Hong Ki-Yeon, a Korean, a senior official with the national police agency, acknowledged that problem during a news conference Monday, saying police do not have an established way to deal with such gatherings.
“In events like festivals that have a specific organiser, discussions are made between related municipalities, police, fire departments and medical experts who prepare and cooperate under different roles,” Hong said. “That is what we lacked regarding this accident.”
Yongsan district refused to answer questions about preparations. District Mayor Park Hee-young instead said in a statement Monday that her office was deploying “all administrative resources” to support the injured and families of the victims.
In the two previous years, the district’s preparations for the Halloween festivities were focused on preventing the spread of Covid-19 among partygoers. Workers toured bars, restaurants and nightclubs to monitor whether they were abiding by social distancing rules, and checkpoints were established in crowded areas where public workers and volunteers took the temperatures of partygoers.

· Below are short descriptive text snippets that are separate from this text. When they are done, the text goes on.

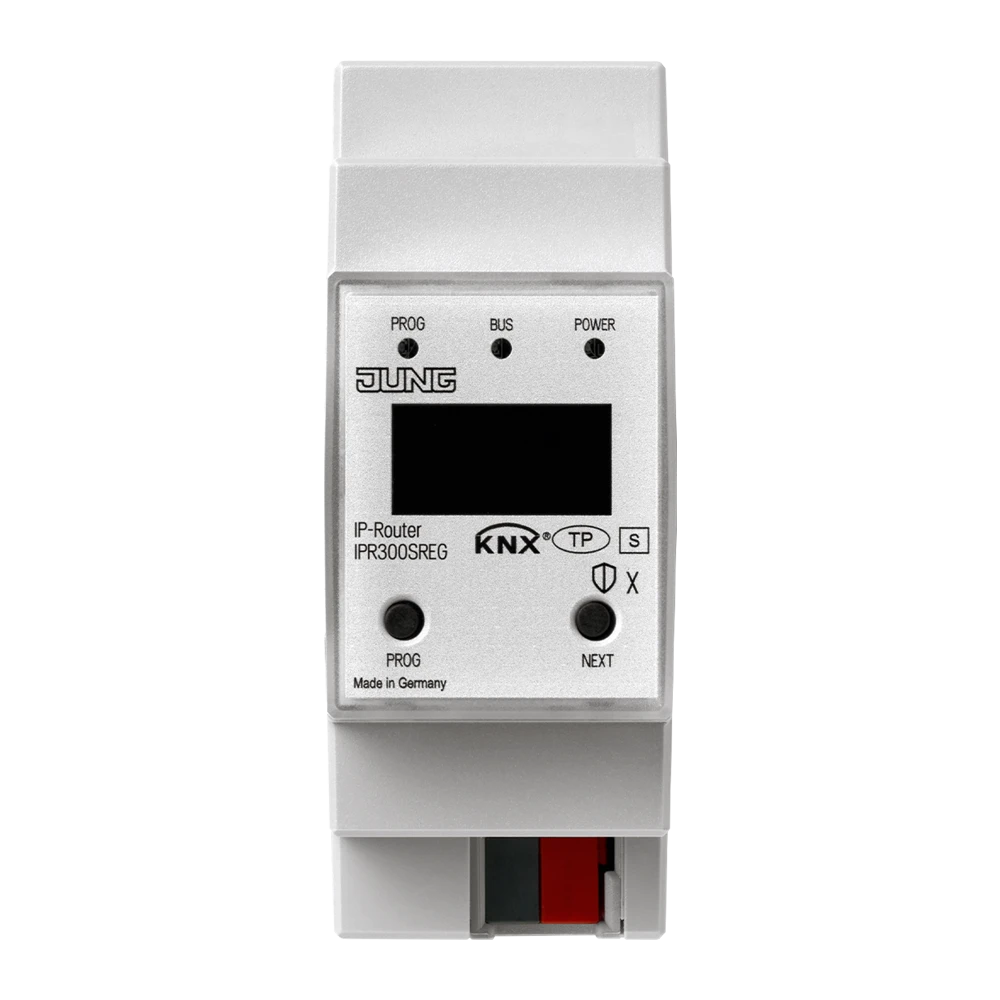 KNX IP router, rail mounting device, 2 rail units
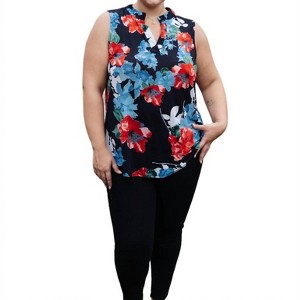 Women's A Rose By Any Other Name Sleeveless Top - Shopin in LA - 1 of 4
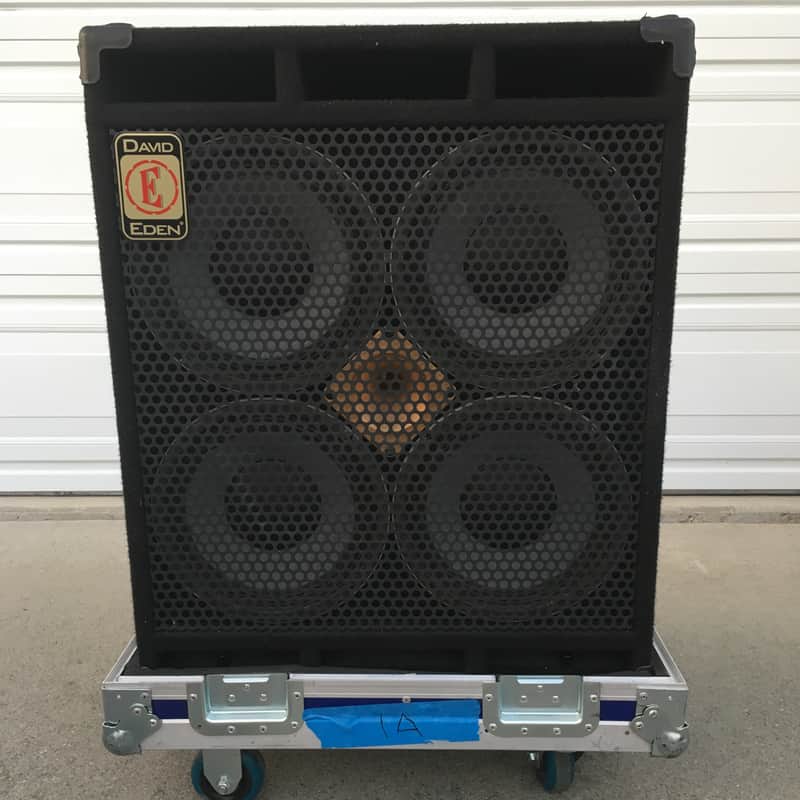 David Eden 410 XLT Bass Cabinet and road case (approx) 2000 image 1
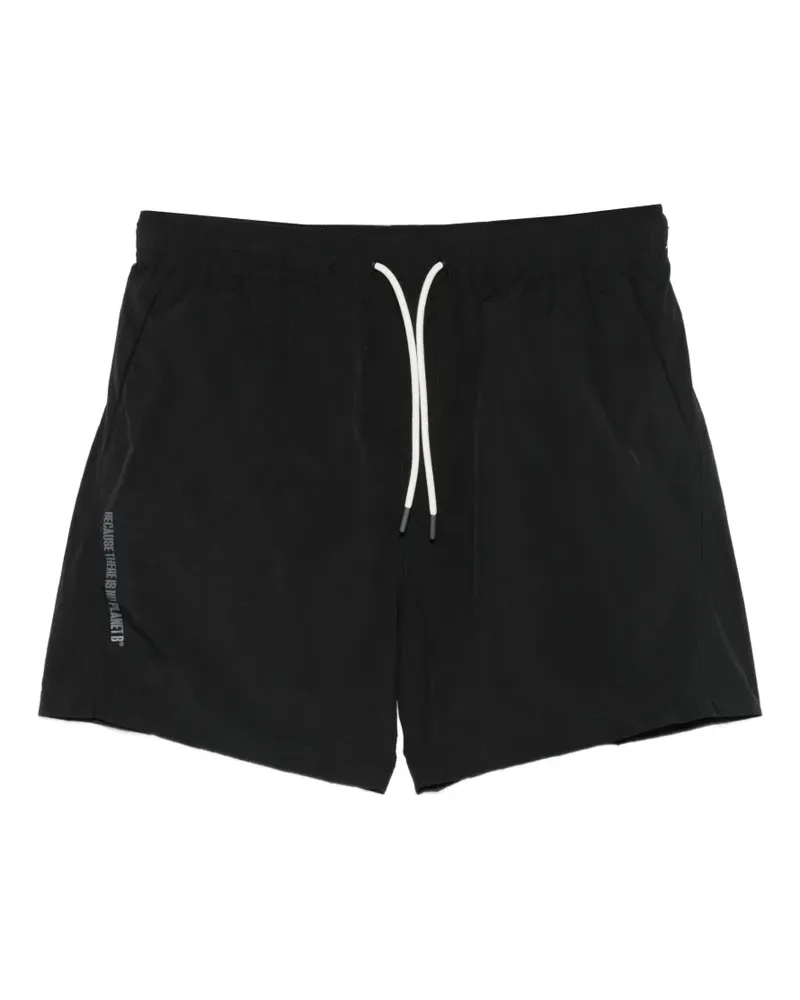 ECOALF Biarritz drawstring-waist swim shorts - Schwarz Schwarz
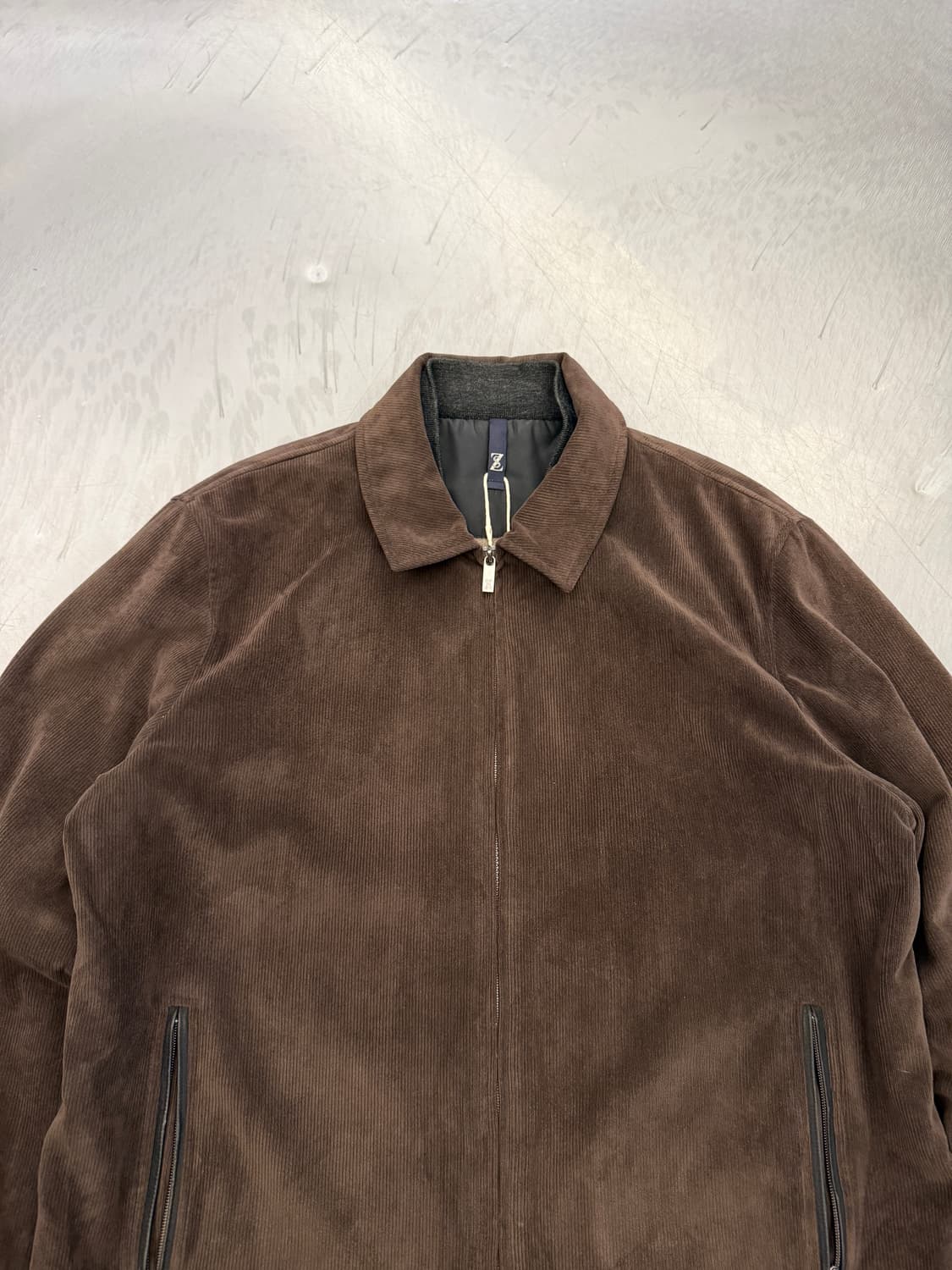 2000s ZEGNA SPORT CORDUROY 제냐스포츠 블루종자켓 상품이미지8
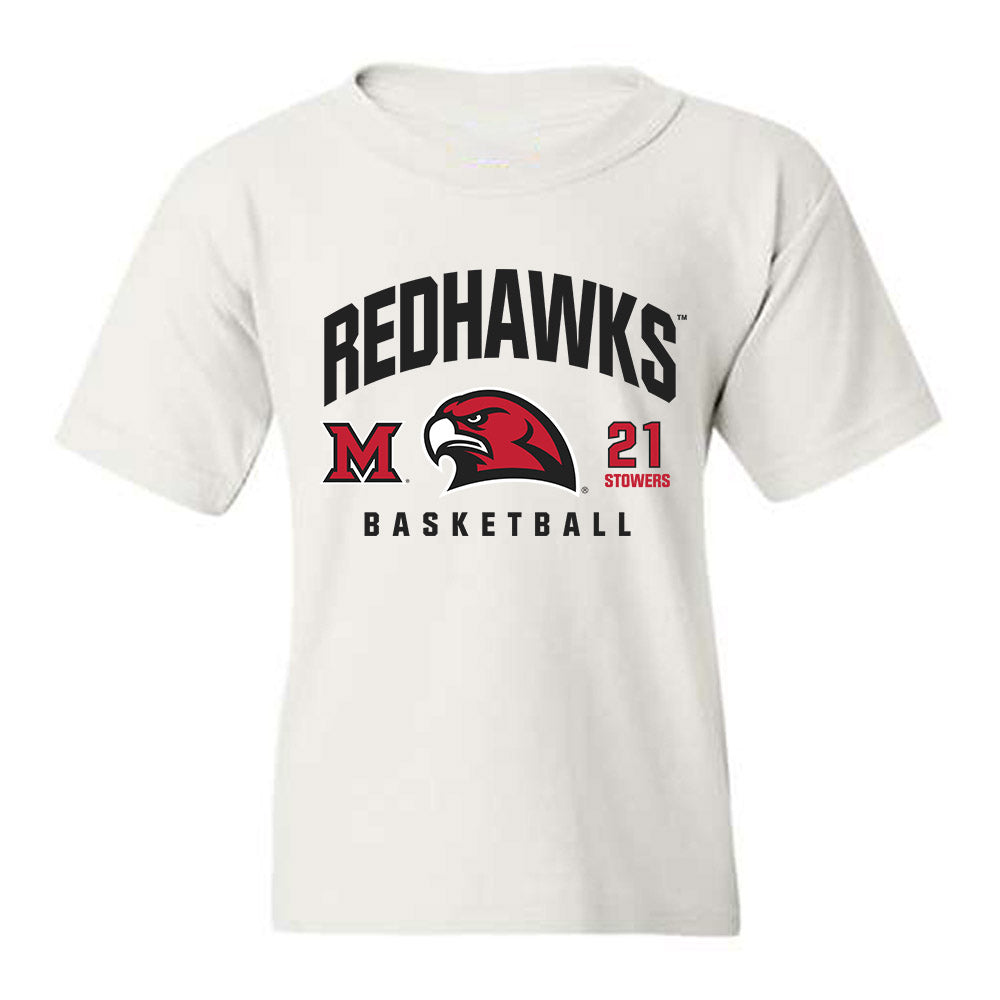 Miami of Ohio - NCAA Men's Basketball : Leshawn Stowers - Classic Fashion Shersey Youth T-Shirt-0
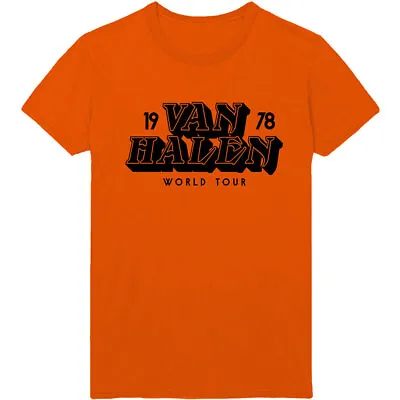 Van Halen World Tour '78 Official Merchandise T-shirt M/L/XL New • £20.93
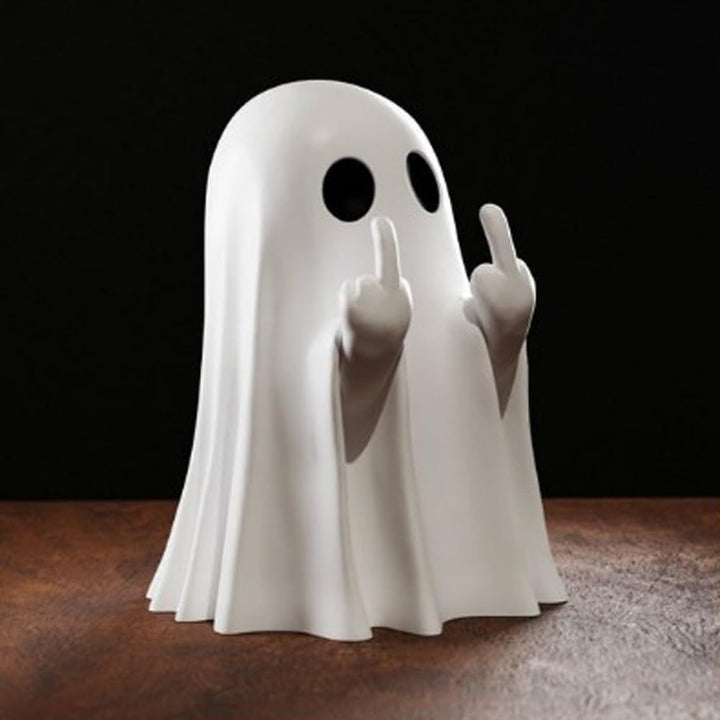GhostMood figura de resina humorística - fantasma moderno de Halloween con estilo minimalista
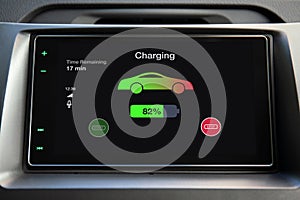 Eco electric car touch multimedia system with charging battery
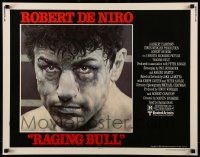 9w817 RAGING BULL 1/2sh '80 Martin Scorsese, Kunio Hagio art of boxer Robert De Niro!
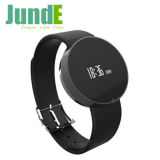 Bluetooth Smart Wristband with Round Dial, Leather Strap and 0.49 Inch OLED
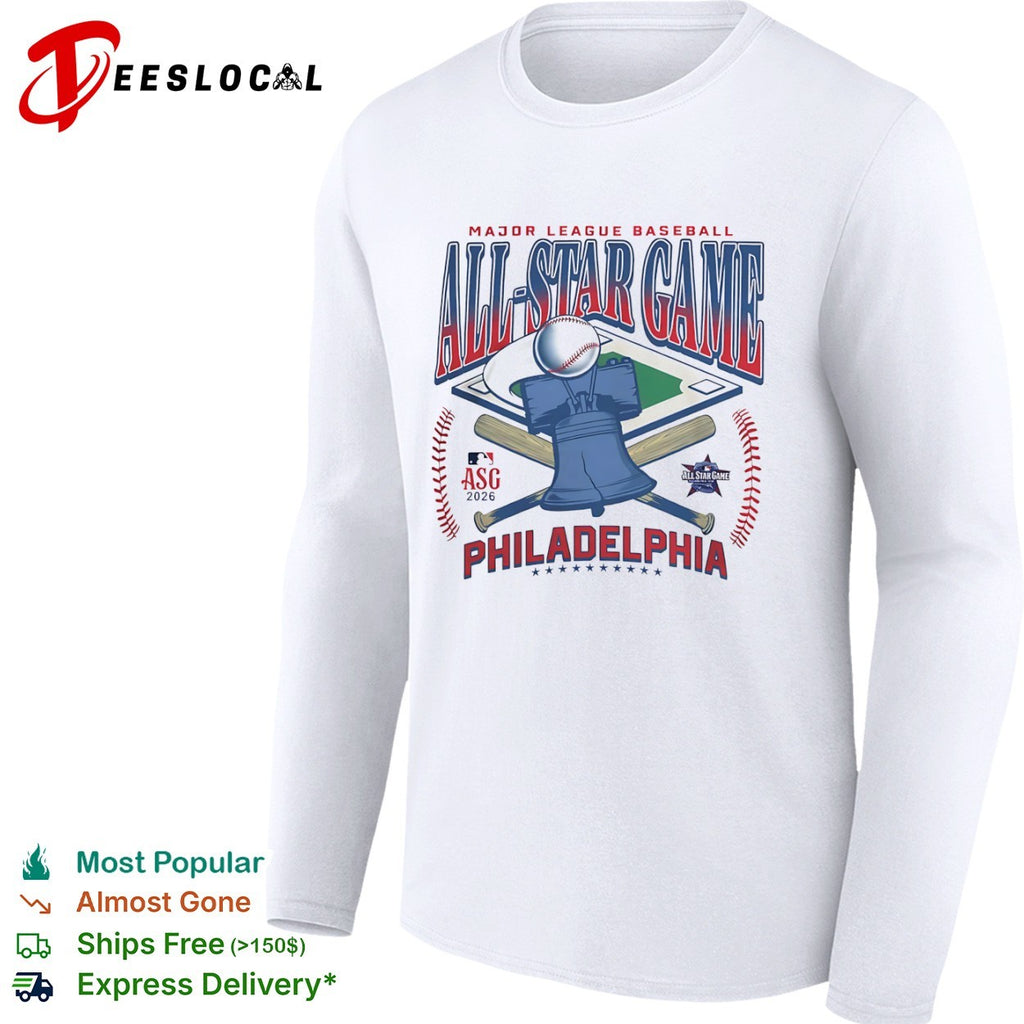 Major League Baseball All Star Game 2026 Philadelphia Liberty Bell Baseball shirt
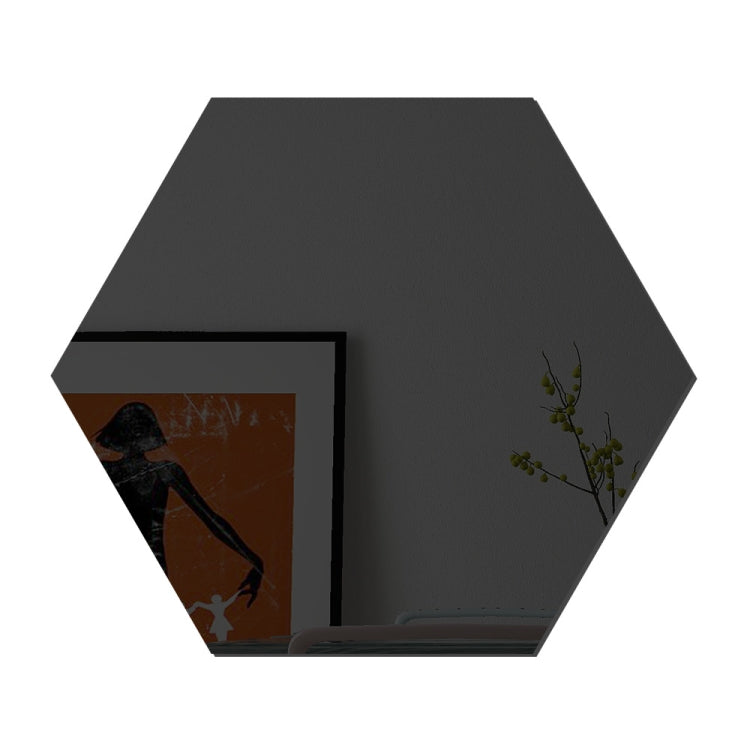 Ym300 16 PCS / Set Home Personal Wall Stickers DIY Acrylic Wall Decorative Mirror, Hexagon Black, Hexagon Silver, Hexagon Gold, Quartet Black, Quartet Silver, Quartet Gold, Triangle Black, Triangle Silver, Triangle Gold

Saturday’s crush was the country’s biggest disaster since 304 people, mostly high school students, died in a ferry sinking in April 2014. The sinking exposed lax safety rules and regulatory failures.
South Korea has a long history of deadly crowd crushes and stampedes, although none as deadly as Saturday’s. In 2005, 11 people were killed and dozens were injured in a pop concert during a crowd crush in the southern city of Sangju.
In 1960, 31 people died after being crushed on the stairs of a train station as large crowds rushed to board a train during the Lunar New Year holidays.